I know logstash will not purposely lose messages, however I have seen references of people pulling in Redis to ensure they don't lose messages, which seems like an odd requirement. I thought in this configuration redis is just acting like a bigger 'insert' buffer into Elasticsearch, since it can get slow when dealing with lots of inserts (I'm assuming elasticsearch itself will not drop inserts if its under heavy load and instead just gets slow).
I read that logstash uses a 20 message buffer, broken into 3 phases. (equalling a total of 60 messages in the pipeline).
Question: if logstash crashes with a full pipeline, when it comes back online will it pick up those messages again? or does it treat those messages as already processed?
If you have specific questions for Elasticsearch, we can address them in Elasticsearch category in discuss
@warkolm is correct. We are working on making LS resilient to crashes w.r.t. message losses. Today, LS does not offer any message guarantees like at least once or at most once. The software's core philosophy is to not lose messages intentionally, so we try hard to fix bugs which result in crashes. For this reason, the internal buffer between the different stages is capped to 20 events. So at most, there are 40 events in-flight (in memory) in LS that can be lost when there is a hard crash. Using certain message brokers between the LS stages (shippers and indexers) can mitigate this message loss. For example, if you use Apache Kafka, it provides a way to replay messages which were not committed to Zookeeper (using the LS input). LS 1.5 natively supports Kafka, so this is an option.

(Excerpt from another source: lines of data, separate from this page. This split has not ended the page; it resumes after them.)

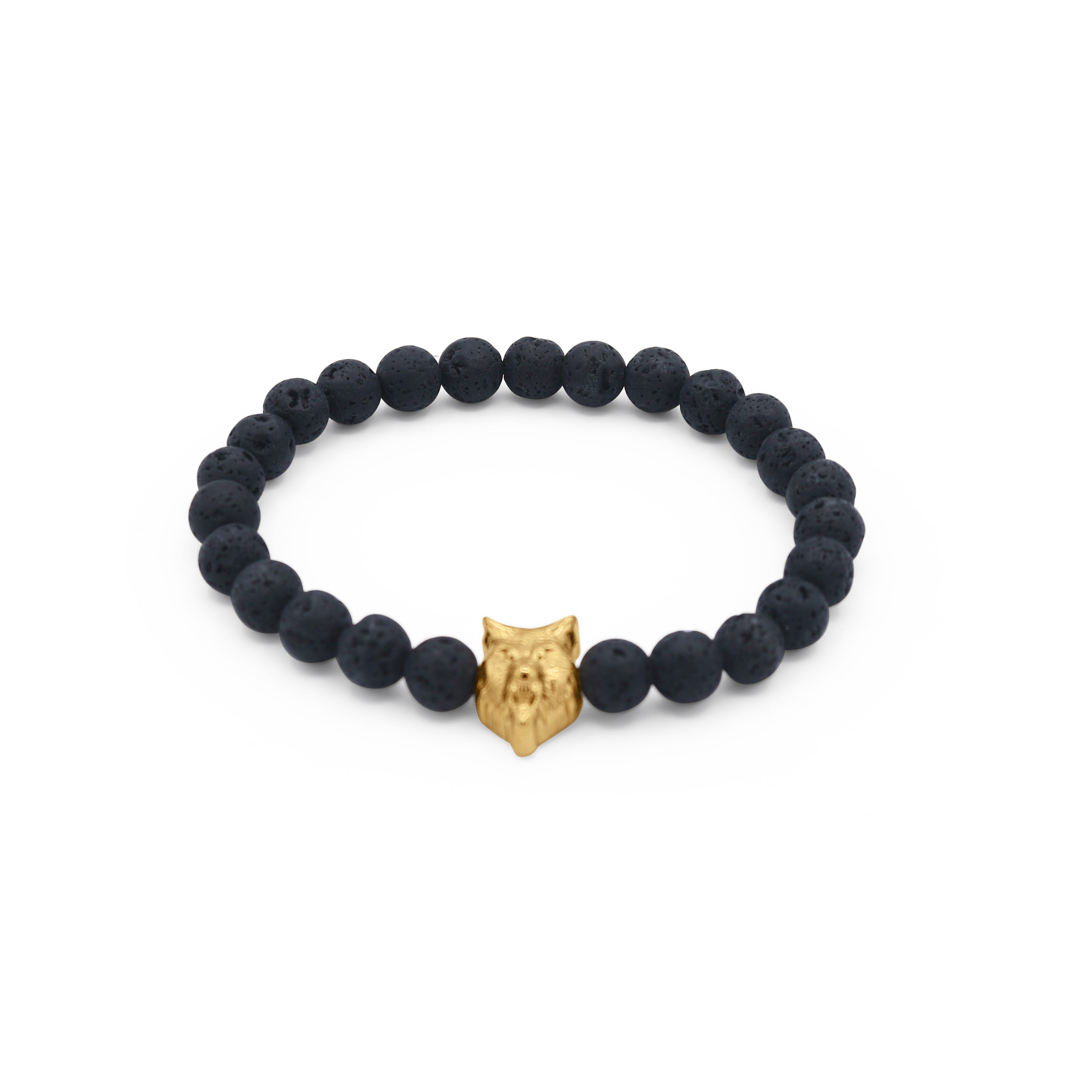 Black beaded bracelet with a gold lion head charm on a white background-J.Collins Jewelry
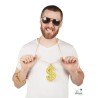 SET GANGSTER LUNETTES, BRACELET EN OR ET COLLIER DOLLAR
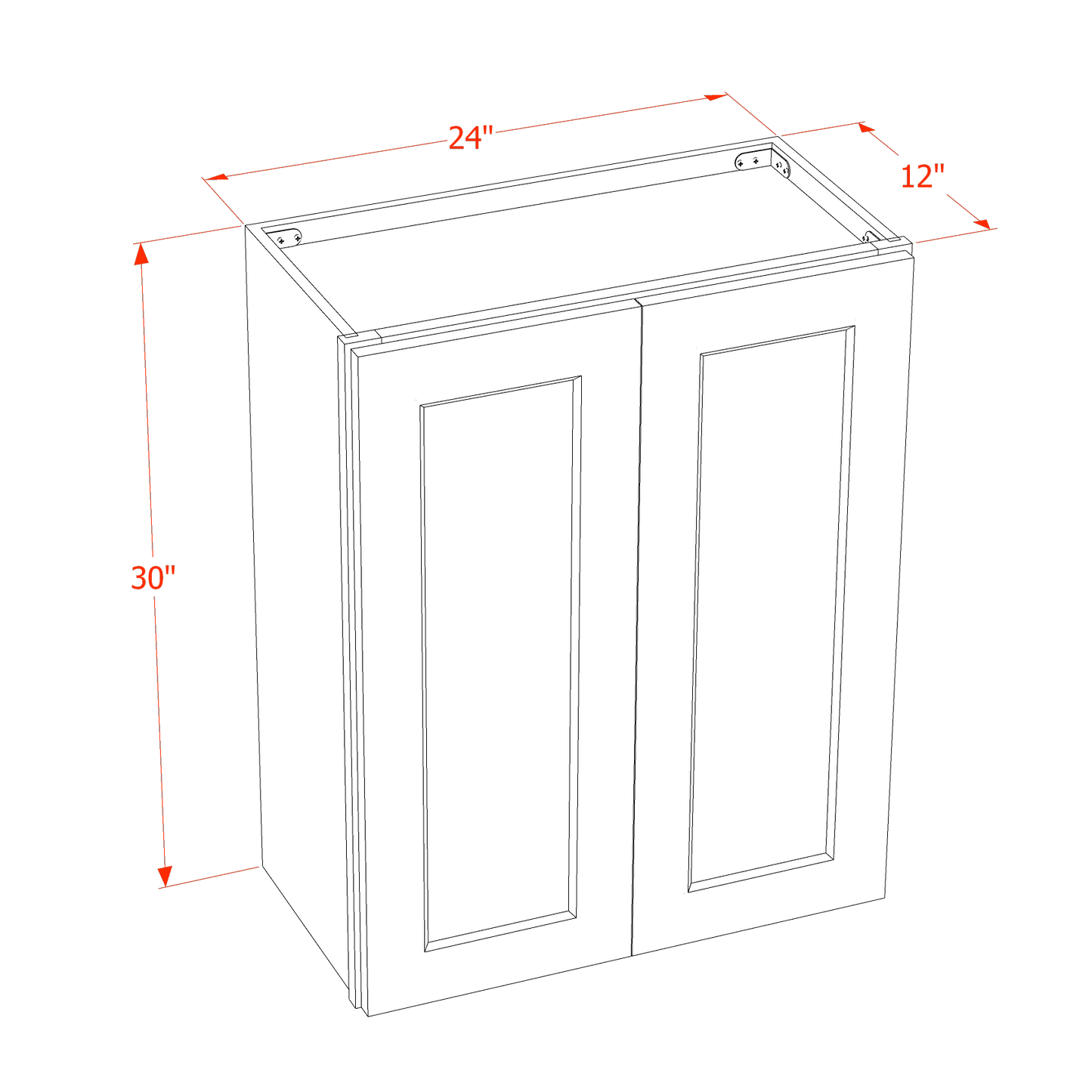 SF-W2430: Frost White Slim Shaker 24"W x 30"H 2 Doors & 2 Shelves Standard Wall Cabinet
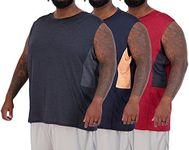 Real Essentials 3 & 5 Pack: Men's Dry-Fit Active Athletic Tech Tank Top - Regular and Big & Tall Sizes (S-5XLT), Big & Tall - Set D, 4X Tall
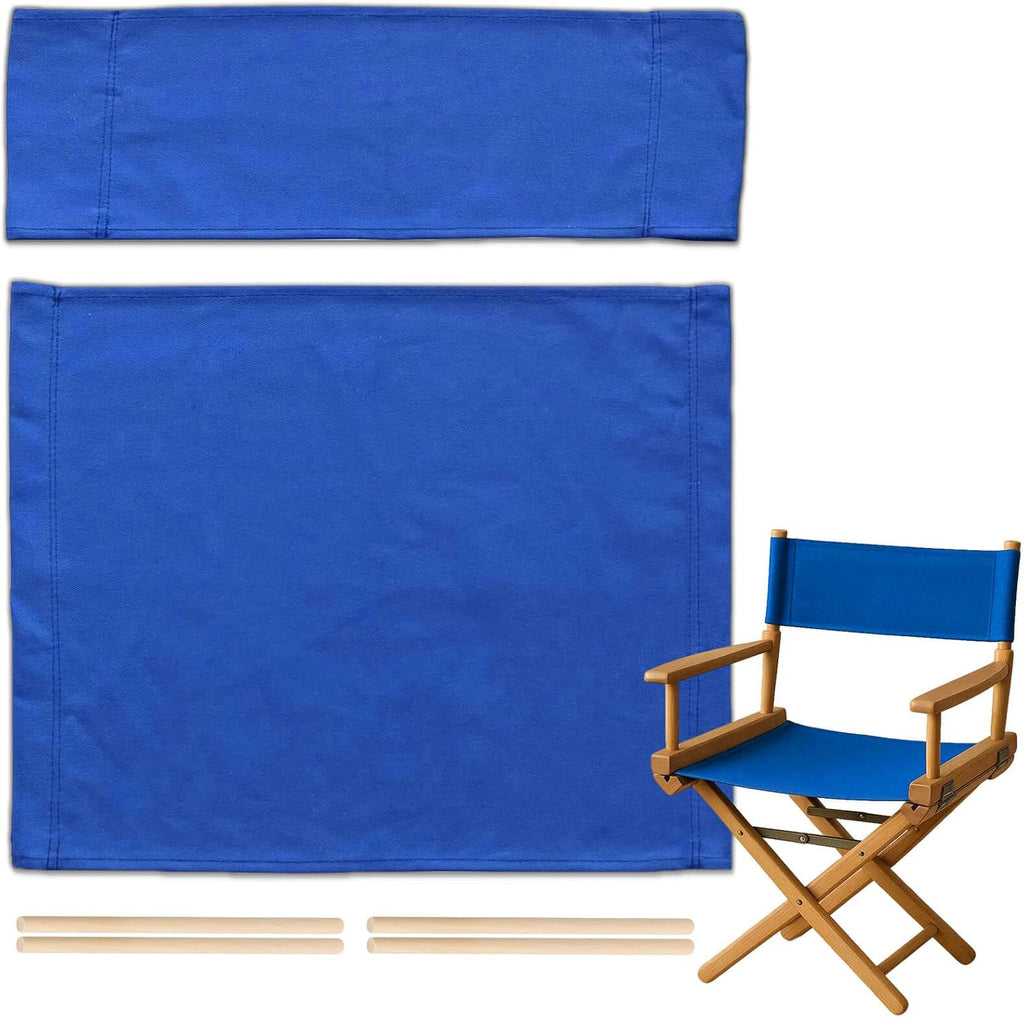 STAY GENT Director's Chair Canvas Replacement Kit 21"L x 8"W - 21"L x 16.5"W Replacement Canvas Durable Cotton Canvas Seat & Back Covers for Home,Model Artist,Makeup,Show Dressing Room, 1 Set Blue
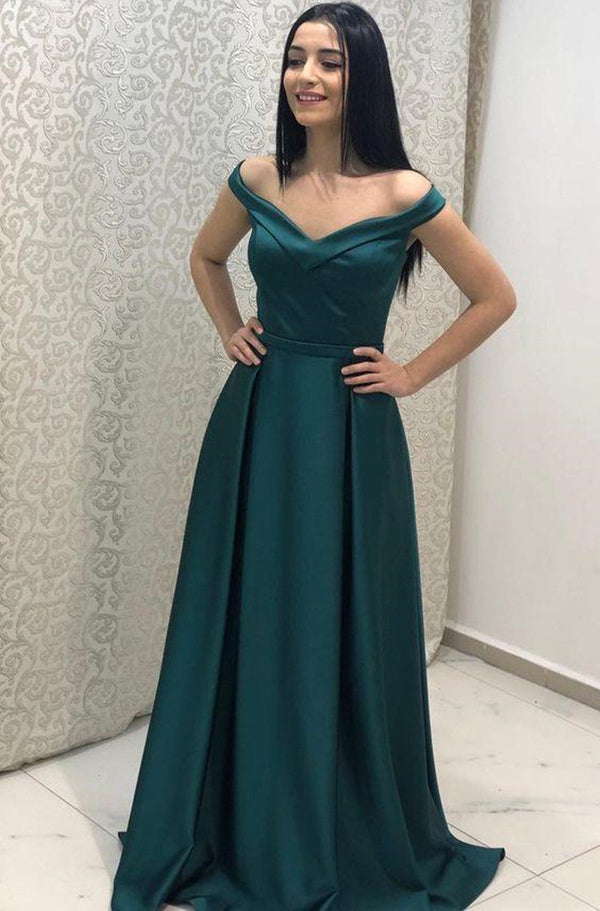 SSR0603,Emerald green prom dresses off the shoulder floor length formal gown for special occasions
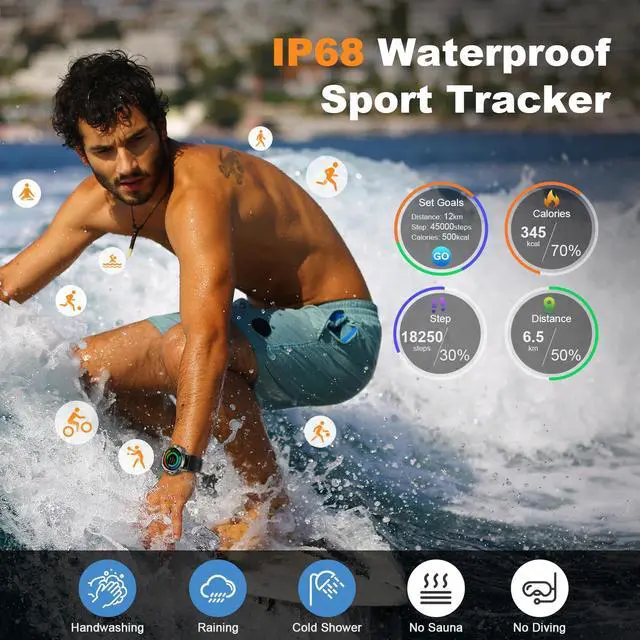 Alt view image 5 of 7 - JAYSUINGSmart Watch for Men Fitness Tracker: Smart Watches for Android Phones iPhone Bluetooth Waterproof Make Answer Call Digital Mens Watches Heart Rate Monitor Running Smartwatch Samsung Compatible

For 2.0, we are working on persisting these in-flight messages to disk, so they can be recovered after a hard crash
Correct, but there are only 2 queues: input -> filter, filter -> output of capacity 20.
Not necessarily. Message queues can introduce latency when you are indexing events, but not by a big margin. Also if message loss is a concern, you need to work with some latency.
One follow up question, I know in some of our previous usage (we are using the multi-line plugin), we found some super large data rows in elasticsearch. Is there a way to put a hard cap on message length, to ensure:
Logstash does not attempt to say process a massive message that 'cannot fit into memory'
prevent logstash from attempting to insert a 'currupted' i.e. too long of a message into elasticsearch.